Introduce to this smoldering distrust the need to work closely in order to obtain and manage the most essential element for survival and development: water rights; and you’ve got yourself a situation that will serve nobody’s best interests except those of the lawyers.
Anyone who has followed details of the evidence presented over the past few years could have predicted the outcome; but we are grateful to the Judge for having summarized the situation so succinctly.
“…they (the Town and the City) are no further…toward achieving the necessary working arrangement(s) on this and other issues…which any reasonably dispassionate outside observer can…see must, and…could, be resolved if only all of the emotional and historical baggage was checked at the door.”
He goes on to say,
“For better or worse, the town and city are now functionally a single economic zone of interlocking and symbiotic interests…”

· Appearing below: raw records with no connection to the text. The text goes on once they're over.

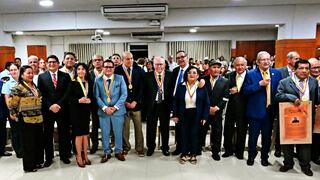 Reconocen a 24 personajes ilustres en el aniversario de Piura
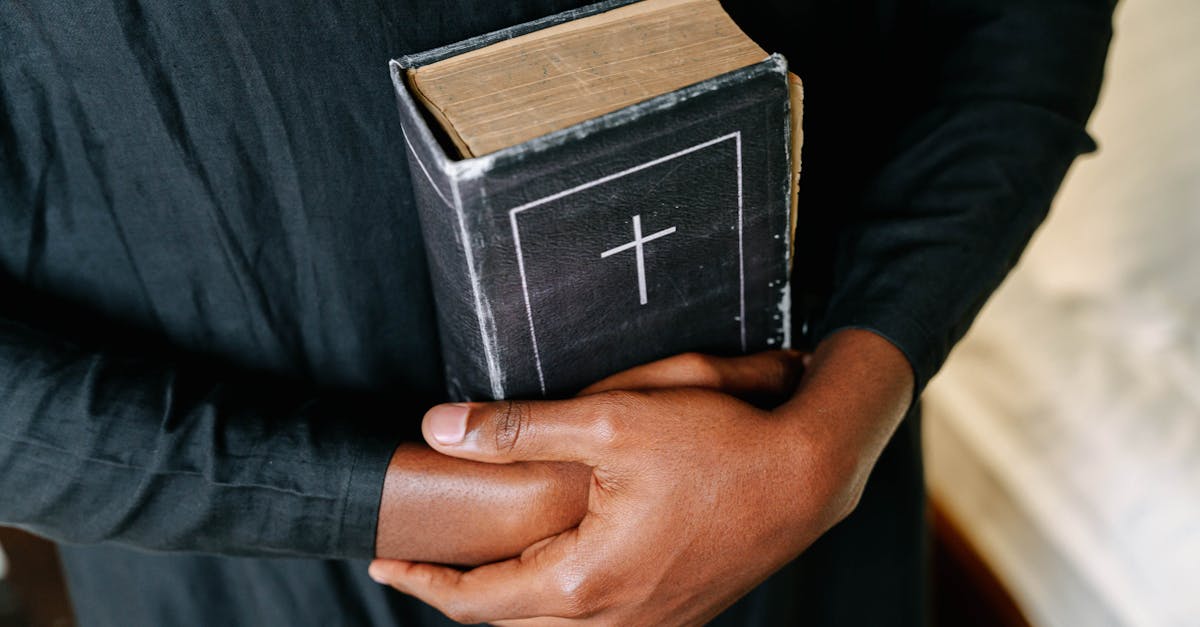 5 Dialogue Prompts to Discuss Spiritual Beliefs Without Judgment in Romantic Partnerships
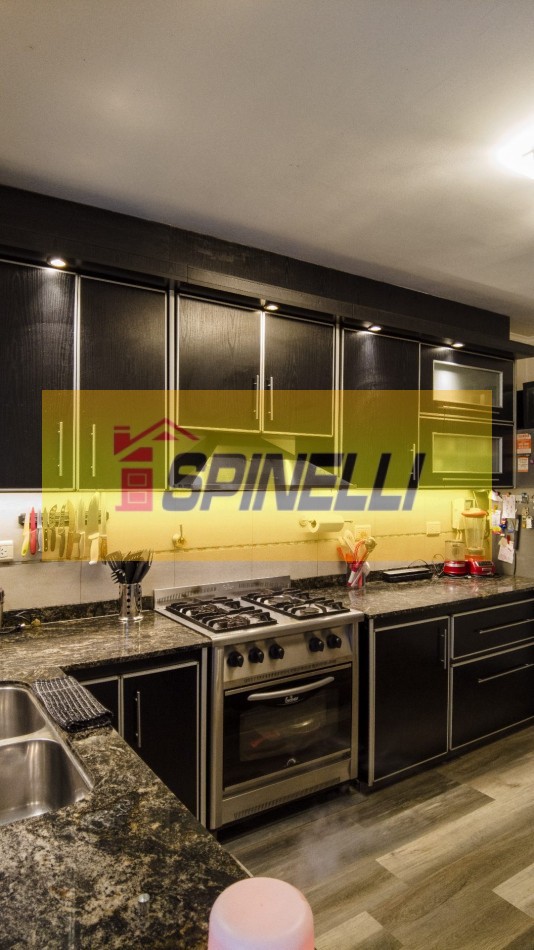 Moron Triplex de tres ambientes en venta 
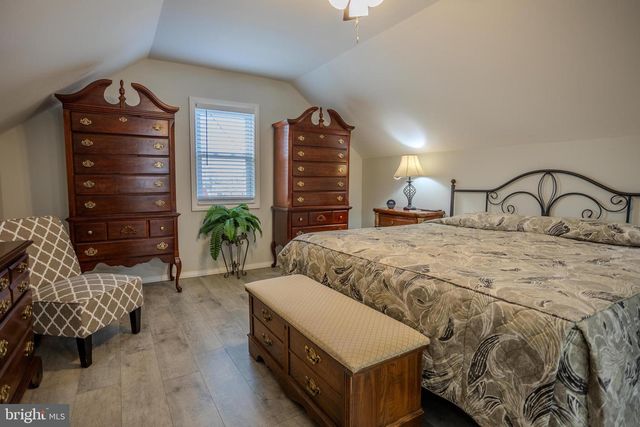 328 W ELM AVE, Hanover, PA 17331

The judge has determined that, as the wording of the agreement regarding water and sewer allocations was so vague as to readily lead to disputes, that agreement never had any validity to begin with.
There is plenty of blame for everyone in this two-town tantrum, but City Manager Dominic Cloud must bear much of the blame, for it was he who stepped in at the last moment back in 2009 to revise the agreement with the language that now forms the basis for the dispute.
Characteristically, as we later learned, Manager Cloud seems to have acted impulsively to head-off a breakdown that was threatening the timely signing of the agreement.
I say “characteristically'” because the machinations by the City Manager to jump-start a couple of his pet TIF projects have betrayed a similar impulse to act a little too quickly, exposing the City to additional costs that might otherwise have been avoided.
The amateurs who run the City and the Town share some of the blame for not seeking better advice before entering into the meaningless agreement. But Dominic Cloud is a professional, having done service with the League of Towns and Cities. Presumably, that’s why he gets the big bucks.
How’s this going to look on that resume?